The genes with a number of recurrences (n) >1 are shown in bold. AMPA, α-amino-3-hydroxy-5-methyl-4-isoxazolepropionic acid; CoA, coenzyme A; EGF, epidermal growth factor; GTP, guanosine 5′-triphosphate; MAPK, mitogen-activated protein kinase; Morf4, mortality factor 4 (pseudogene); MTOR, mechanistic target of rapamycin; TERF2, telomeric repeat binding factor 2.

Analysis of the associated function

Using the FuncAssociate web tool, the identified HK genes were revealed to be significantly enriched in certain functional classes. Of the genes identified as suitable for human tissue-wide use listed in Table III, there were statistically significant enrichments [with adjusted P-value (P-adj)≤0.05] only in the Gene Ontology categories: Ribosome (P-adj=0.003), translation termination (P-adj=0.038), translation elongation (P-adj=0.045) and cellular protein complex disassembly (P-adj=0.05).
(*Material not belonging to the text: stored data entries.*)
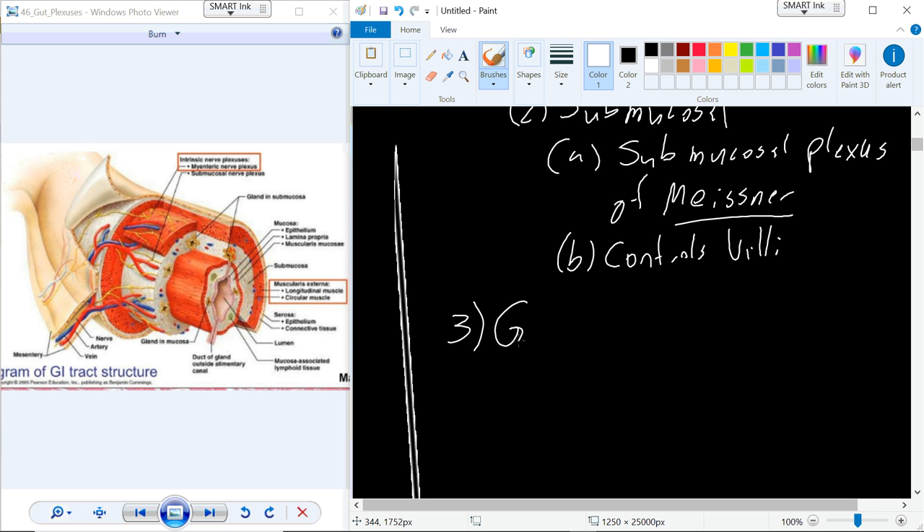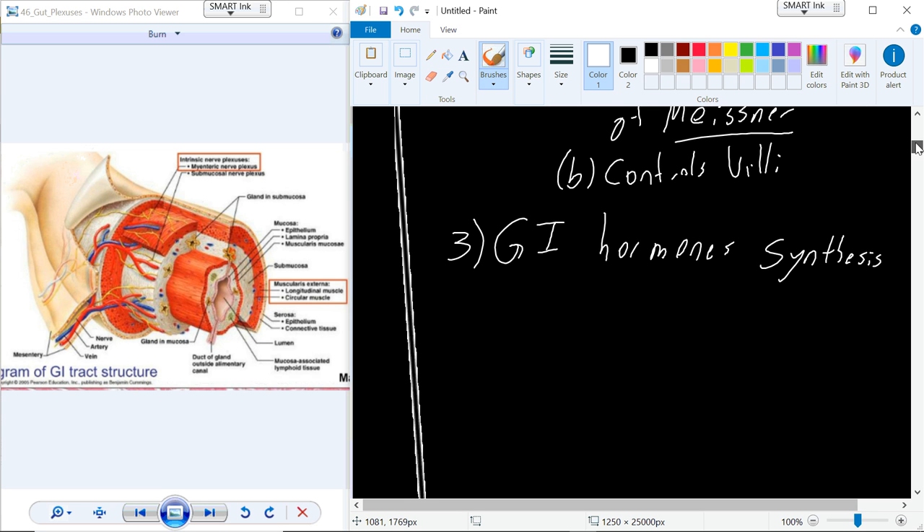So with that introduction to how we control movement and the absorptive process in the digestive system, I want to now talk through our GI hormones. In particular, I want to start with the synthesis of our GI hormones. Within the tissue of the digestive system, we have a group of cells called enterochromaffin cells, and several of our GI hormones are produced within this particular cell type.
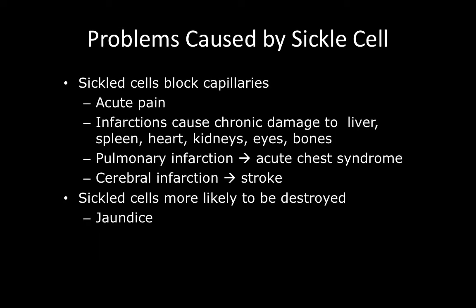Problems caused by the sickled cell include the blocking of capillaries, and this blocking causes acute pain. This acute pain is what brings people in, and managing that pain is the major thing we do as nurses to care for these patients.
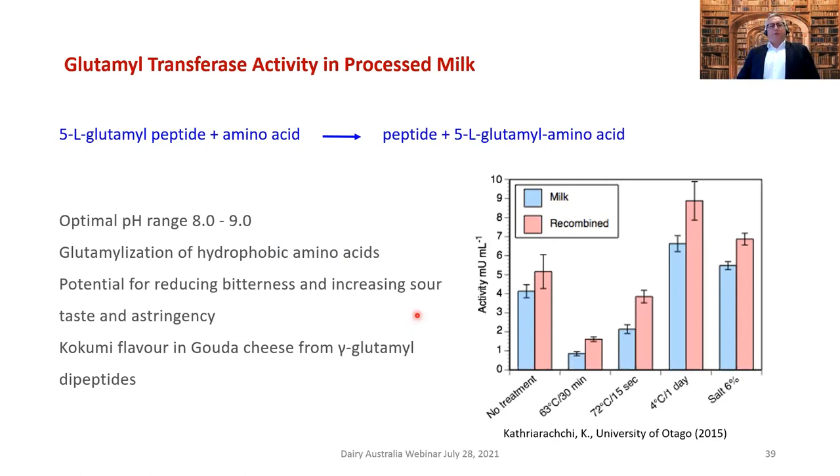The second enzyme is gamma-glutamyl transferase. This is interesting because it produces what's known as a kokumi flavor in Gouda cheese from gamma-glutamyl dipeptides. This enzyme is found in the natural MFGM in a particular position, but if we homogenize it, we change its position and therefore change the production of these kokumi flavor compounds. Kokumi is one of the extra flavors beyond the four basic tastes of salt, acid, sweet, and bitter — along with umami — more related to overall flavor enhancement.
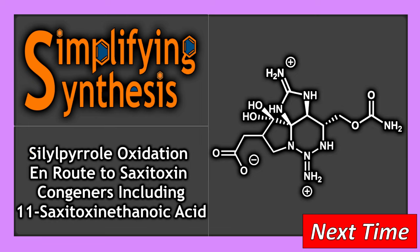Well, that brings us to the end of this video. If you enjoyed it please like and subscribe, and if you have anything you'd like to see let me know in the comments down below. In the next video we will look at psyllipyrrole oxidation en route to saxitoxin congeners, including 11-saxitoxin ethanolic acid.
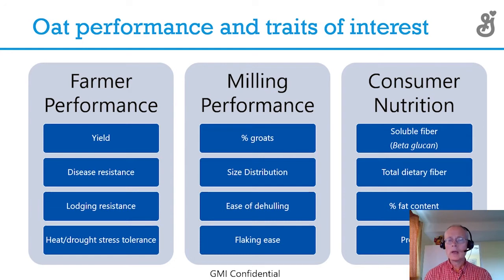For the consumer — and I apologize, you can't see part of this slide — we want high soluble fiber, beta glucan, which reduces cholesterol, high total dietary fiber, which is good for general health, low fat content so that we can satisfy the heart healthy claim, and high protein.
A significant enrichment in numerous Gene Ontology categories was also identified by pooling in a unique list all 63 genes (Table IX) identified for the 10 specific tissues/organs (Table IV–VII); all enrichments were associated with basic cellular components, molecular functions and/or biological processes. The biological process with the highest statistical significance (P-adj<0.001) was RNA catabolic processes and translation (data not shown).

Table IX.

A list of all 63 genes identified for the 10 specific tissues and organs presented in Tables IV–VII.

Number	Gene
1	ACTG1
2	AMZ2
3	AP2M1
4	C14orf166
5	CNIH1
6	CRELD2
7	ECHS1
8	EEF1G
9	EIF4A3
10	EPCAM
11	FAM96A
12	FAM96B
13	FIS1
14	GABARAP
15	GABARAPL2
16	GANAB
17	GPX1
18	GSTO1
19	GTF3A
20	HDGF
21	HEBP1
22	HEBP2
23	HIST1H2BK
24	IFI27
25	JTB
26	LAMTOR5
27	MB
28	MIF
29	MRFAP1
30	MRPS24
31	NDUFA3
32	NDUFB1
33	NDUFB11
34	NDUFB4
35	NDUFS3
36	NELFCD
37	NOP10
38	PGAM1
39	POLR2H
40	POLR2I
41	POMP
42	PRDX1
43	PSMC1
44	RBX1
45	RNASEK
46	RNF181
47	RPL41
48	RPL6
49	RPL8
50	RPLP0
51	RPS18
52	RPS25
53	RPS27
54	RPS29
55	RPSA
56	RRAGA
57	SLC25A3
58	SNRPD2
59	SOD1
60	TBCB
61	TERF2IP
62	TMEM147
63	TUBA1B

Discussion

Following the diffusion of expression microarray technology, a number of attempts have been made to use microarray data to perform a systematic analysis of the features of gene expression to identify HK genes that may be best suited as reference genes. Early attempts suffered from the limited number of samples available for analysis in addition to a lack of choice of computational biology techniques to analyze them, in particular for cross-platform analysis (6). Similar investigations were also conducted using the EST database (23) and, in recent years, RNA-Seq data (24,25). However, the generation of ESTs is subject to certain biases depending on the level of ability for an mRNA to be cloned during the generation of the cDNA EST libraries; therefore, although these data are useful to identify expressed sequences, they are less useful for quantitative analysis. RNA microarrays and RNA-Seq are the two main types of high-throughput technologies used to assess gene expression (26). Although RNA-Seq is considered to be more sensitive and has a broader dynamic range than RNA microarrays (27), in large comparative studies these two methods have produced comparable results in terms of gene expression profiling (27–29). Microarrays remain an accurate tool for measuring the levels of gene expression (29) and continue to provide useful data-mining resources. The approach of the present study takes advantage of the large number of previous transcriptomic studies that were performed with microarray technology and stored in publicly available databases, and also of the results provided in the form of a list of genes and the corresponding expression values.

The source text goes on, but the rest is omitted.